A.本記事の作成時点で、藤沢市公式に江の島島内の喫煙所一覧の記載を確認できなかったため、個別の喫煙所の名称・位置は断定しません。島内の施設は個別にルールが異なり、たとえば江の島アイランドスパは公式サイトで 2025 年 7 月 19 日から敷地内全面禁煙(加熱式たばこ・電子たばこを含む)と告知しています。各施設の公式情報と現地の案内表示でご確認ください。
Q.海水浴場でバーベキューや花火はできますか?
A.「藤沢市海水浴場ルール(令和 8 年度版)」第 27 条は、海水浴場利用者が海水浴場内で焚き火をしたり火気を使用する調理器具を使用したりすることを禁止しています。
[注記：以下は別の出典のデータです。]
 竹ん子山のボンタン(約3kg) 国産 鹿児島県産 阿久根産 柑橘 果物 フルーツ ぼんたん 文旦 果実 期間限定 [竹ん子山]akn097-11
また藤沢市きれいで住みよい環境づくり条例第 12 条は、公共の場所での深夜(午後 10 時から翌日の午前 6 時まで)の花火を禁止しています。詳細は藤沢市公式でご確認ください。
Q.神奈川県には独自の受動喫煙のルールがありますか?
A.あります。「神奈川県公共的施設における受動喫煙防止条例」があり、県公式によると施設を県特定第 1 種施設と県第 2 種施設に区分し、県特定第 1 種施設では加熱式たばこ専用喫煙室を設置できないとしています。県第 2 種施設で指定たばこ専用喫煙室を設置する際は、喫煙禁止区域を共同利用区域を除く公共的空間のおおむね 2 分の 1 以上とするよう努めることとされています。令和 6 年 4 月 1 日に禁煙標識の掲示義務は廃止されました。詳細は神奈川県公式でご確認ください。